(Material provided Opens)
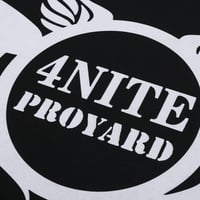 لبادة لون أبيض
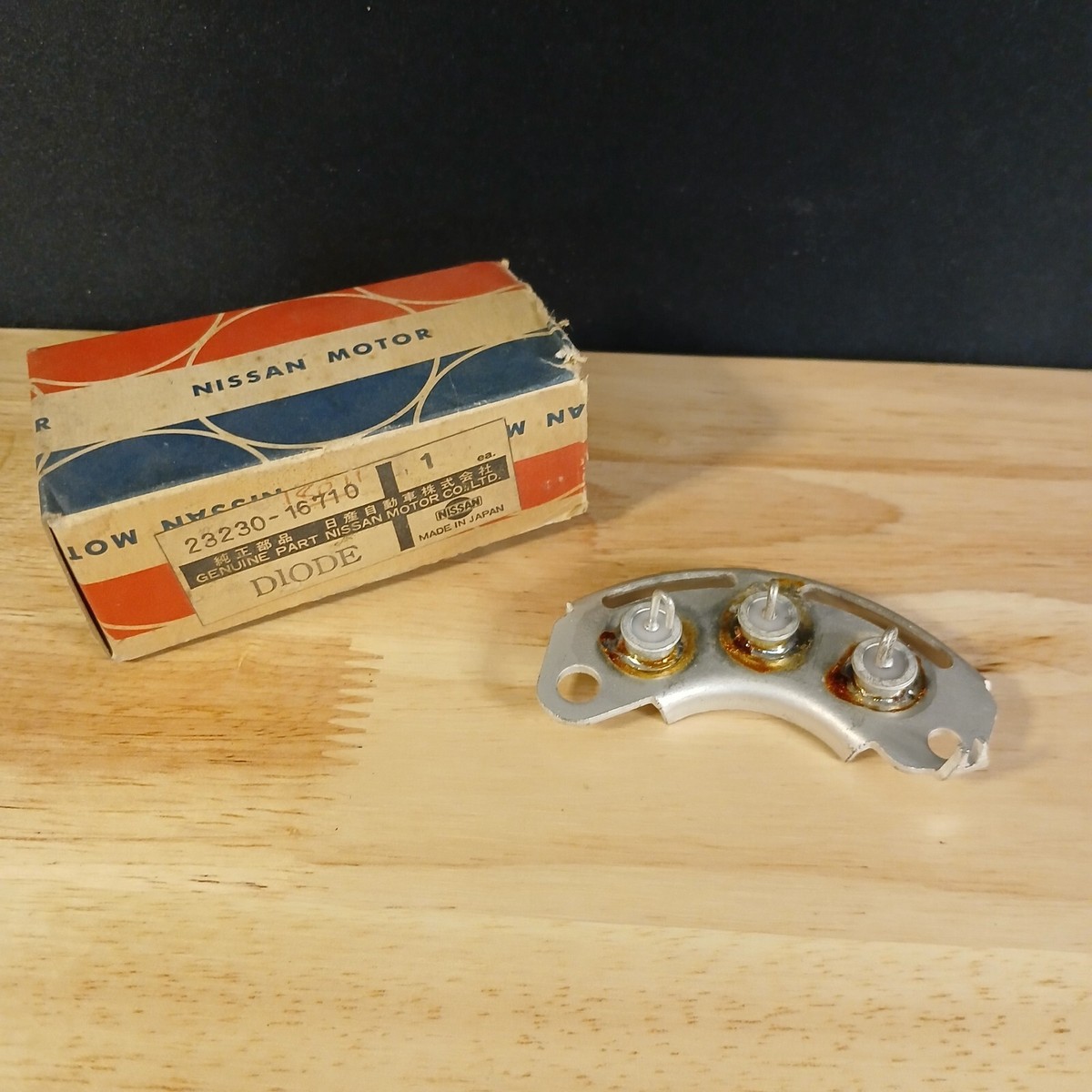 部品 1979-87 Nissan 200SX 1979-83 280Z 720 Diode Assembly NOS #23230
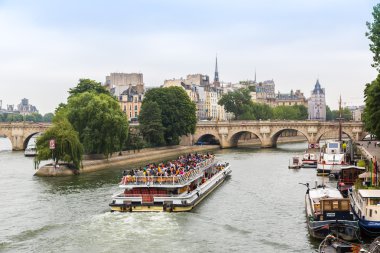Seine turistik gemide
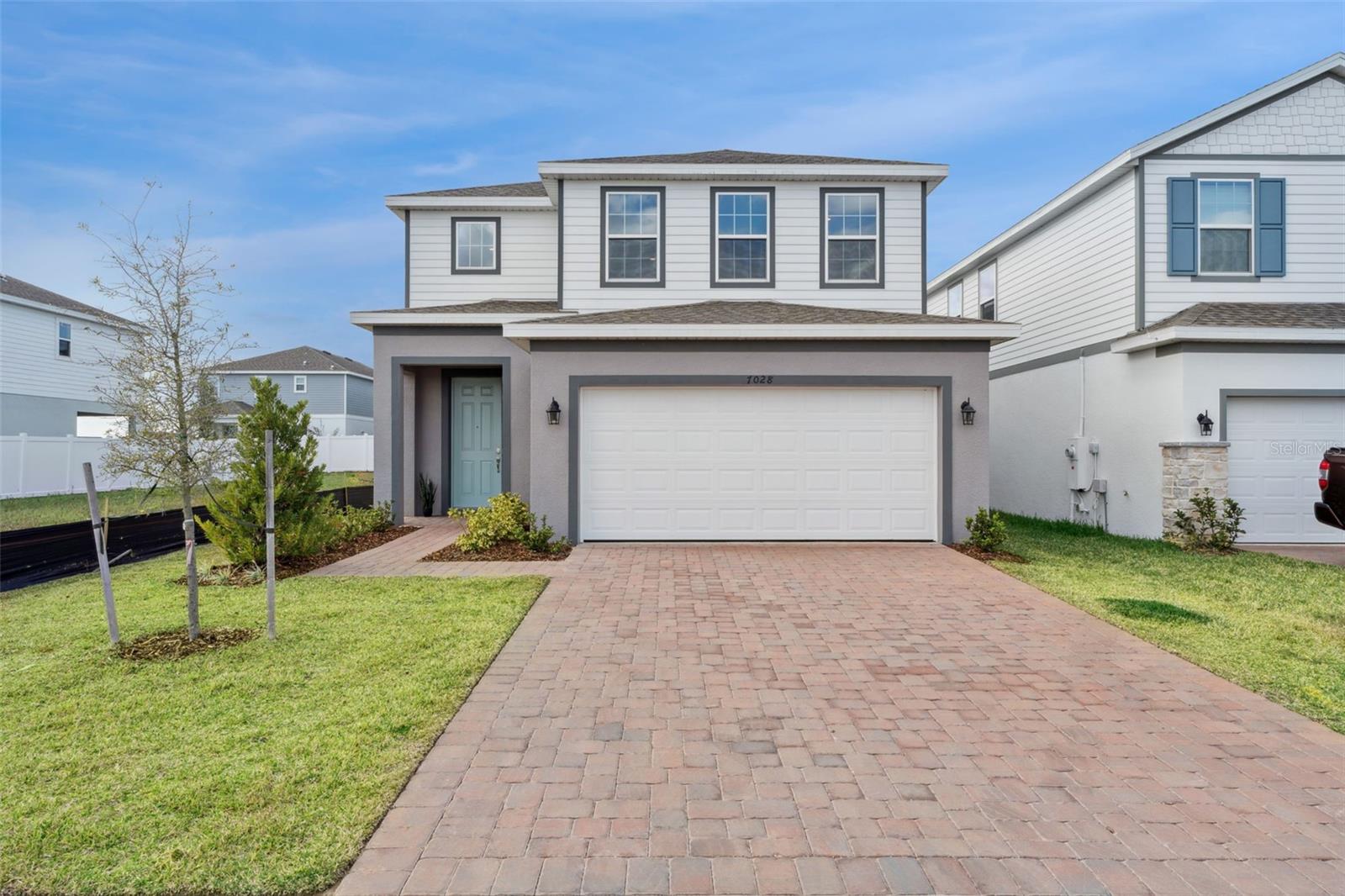 7028 ROLLING LEAF RD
(Material provided Closes)
Leave out the pictures and return the listing exactly.

[Output for this task]
 لبادة لون أبيض
 部品 1979-87 Nissan 200SX 1979-83 280Z 720 Diode Assembly NOS #23230
Seine turistik gemide
 7028 ROLLING LEAF RD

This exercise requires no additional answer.